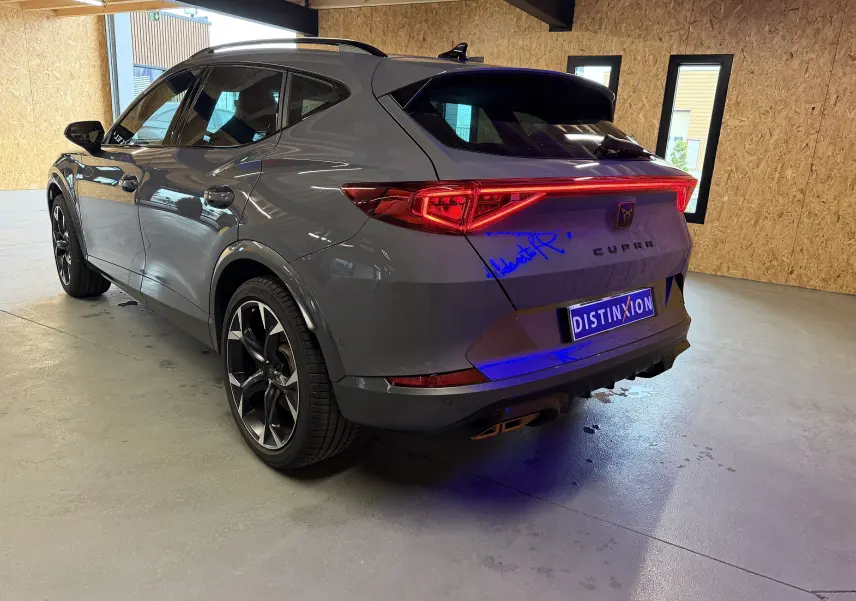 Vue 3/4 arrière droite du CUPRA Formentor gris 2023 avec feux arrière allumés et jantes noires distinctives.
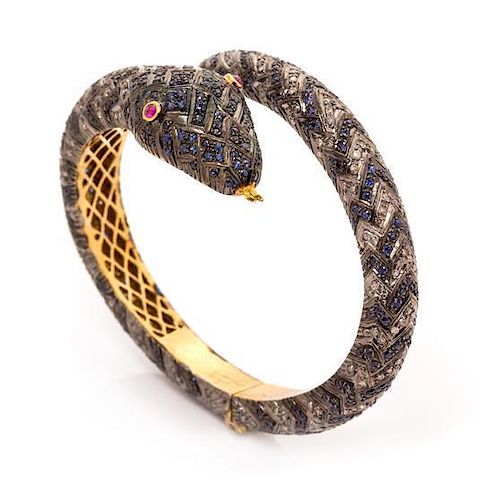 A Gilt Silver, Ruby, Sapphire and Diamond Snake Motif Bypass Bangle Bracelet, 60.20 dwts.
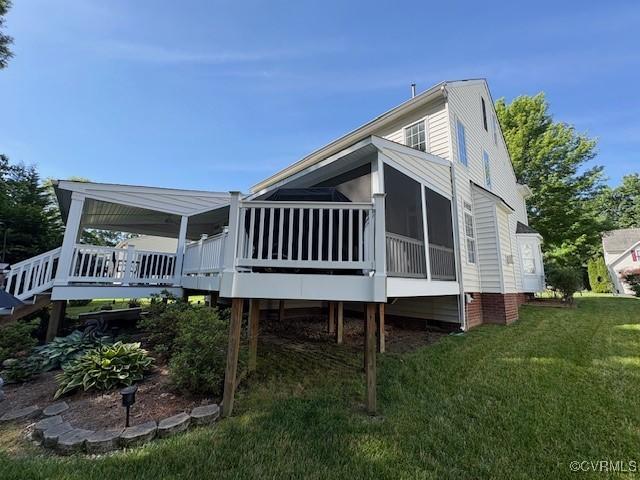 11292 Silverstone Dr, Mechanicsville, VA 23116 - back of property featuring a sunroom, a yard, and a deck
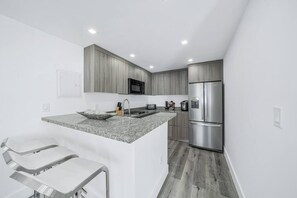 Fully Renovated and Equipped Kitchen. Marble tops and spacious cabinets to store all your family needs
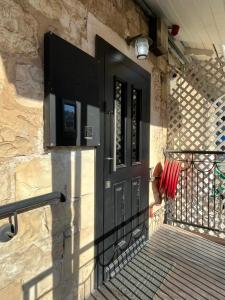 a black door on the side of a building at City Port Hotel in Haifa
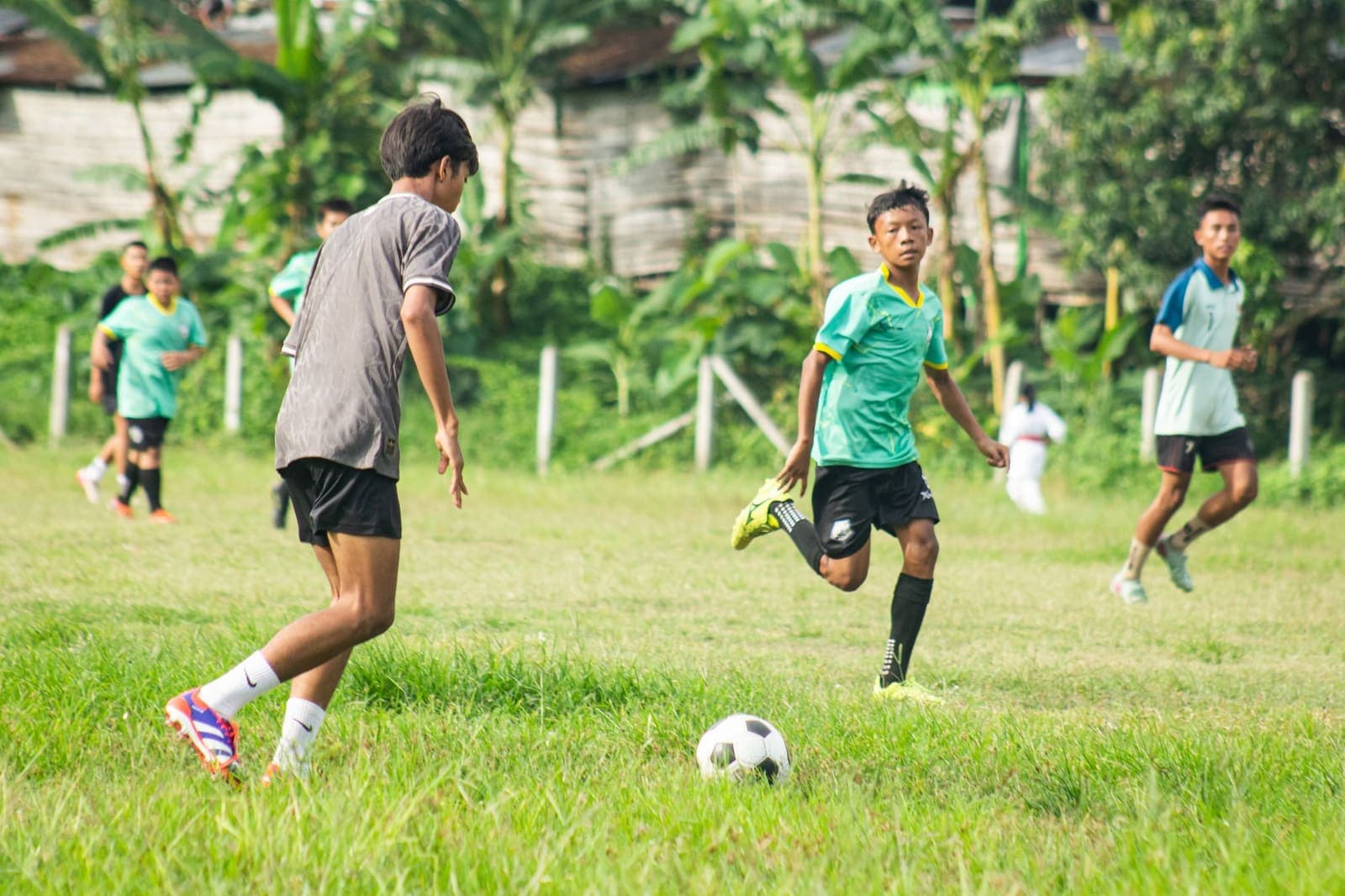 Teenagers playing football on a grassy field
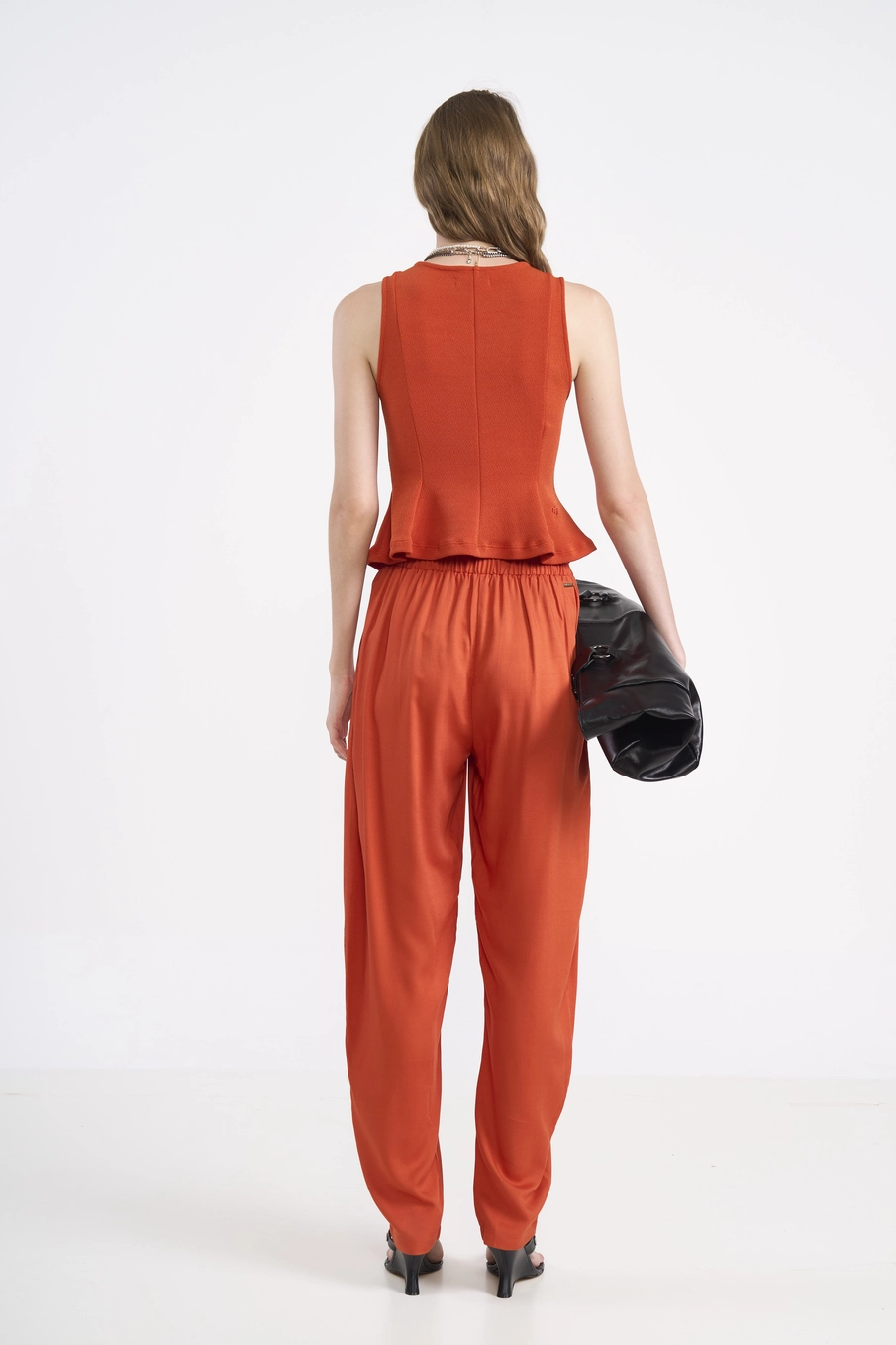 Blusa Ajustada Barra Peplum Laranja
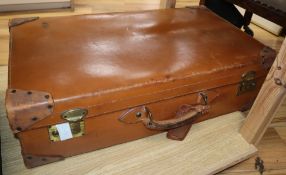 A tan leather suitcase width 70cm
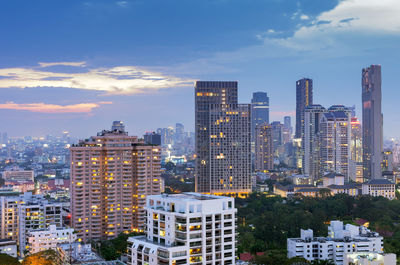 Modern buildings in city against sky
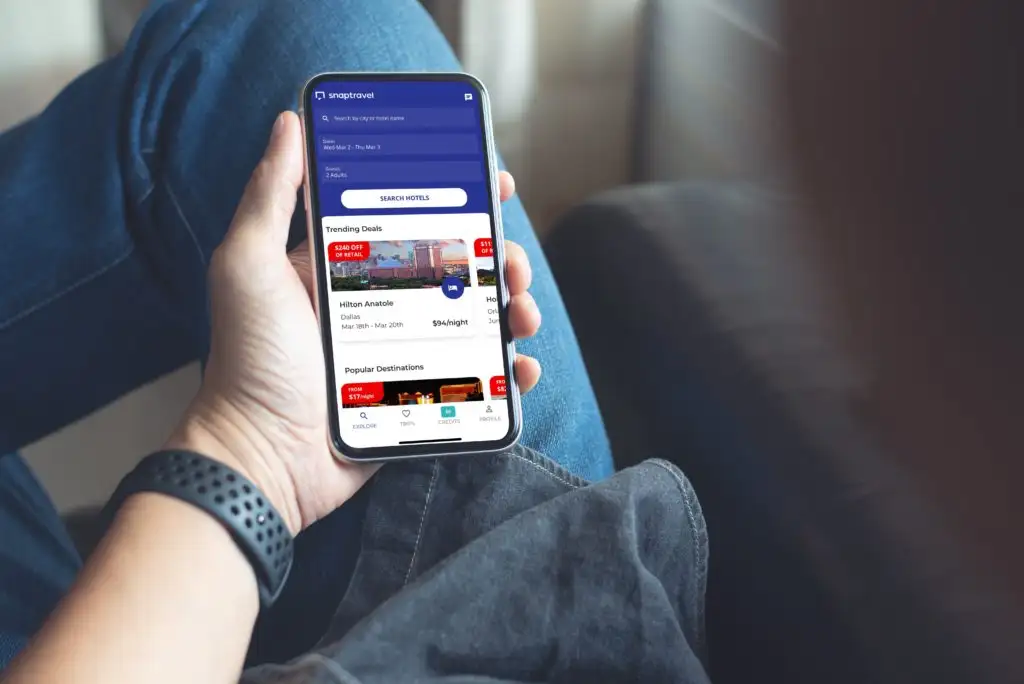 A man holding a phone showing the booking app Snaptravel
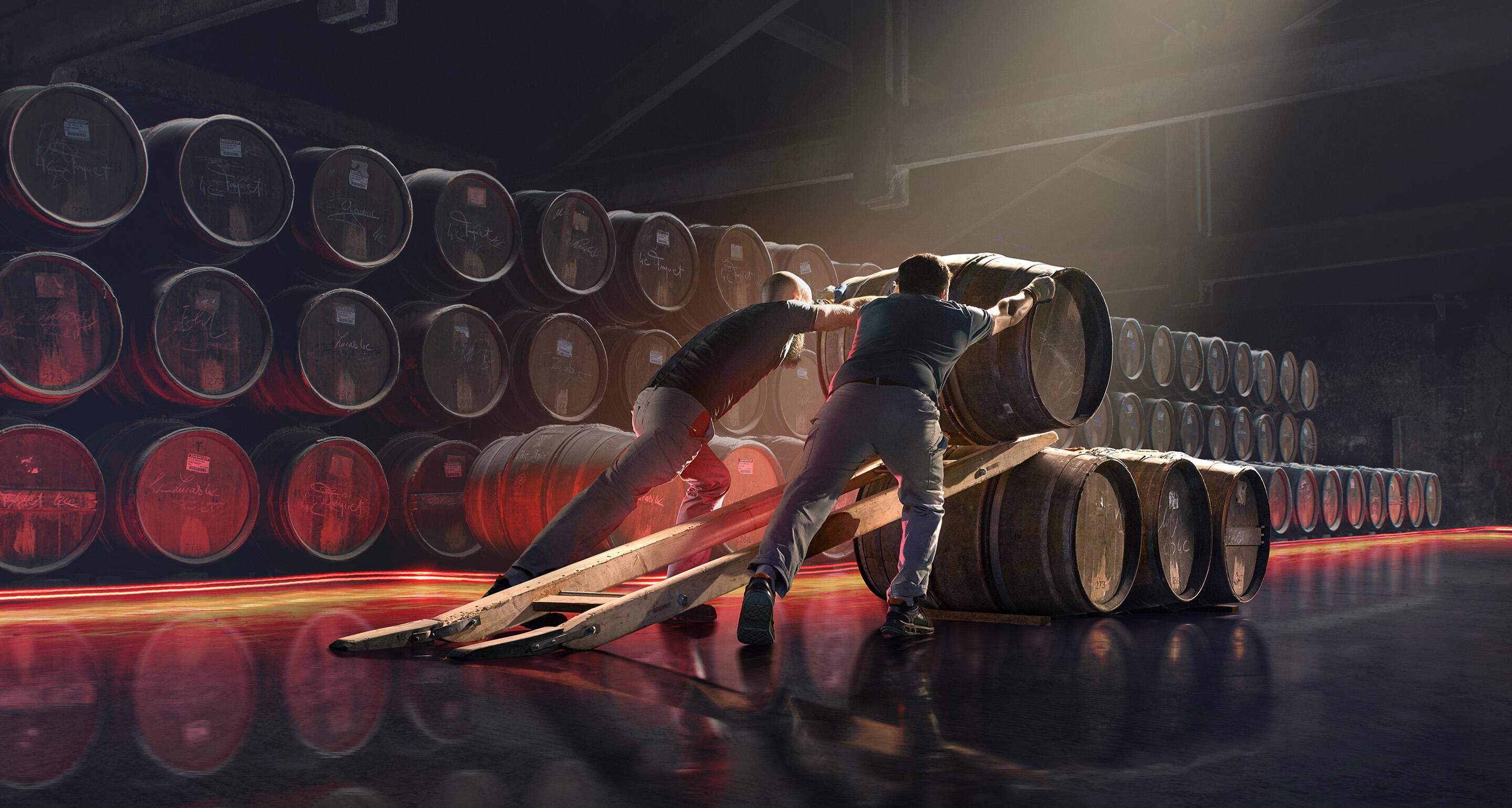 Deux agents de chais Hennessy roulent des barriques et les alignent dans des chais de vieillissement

*-*-*

## Activity:
Give back the lines from the one containing "A tan leather suitcase width 70cm" through the last line of the records above exactly as they appear, both included, and no pictures.

## Solution for this task:
 A tan leather suitcase width 70cm
 Modern buildings in city against sky
 A man holding a phone showing the booking app Snaptravel
 Deux agents de chais Hennessy roulent des barriques et les alignent dans des chais de vieillissement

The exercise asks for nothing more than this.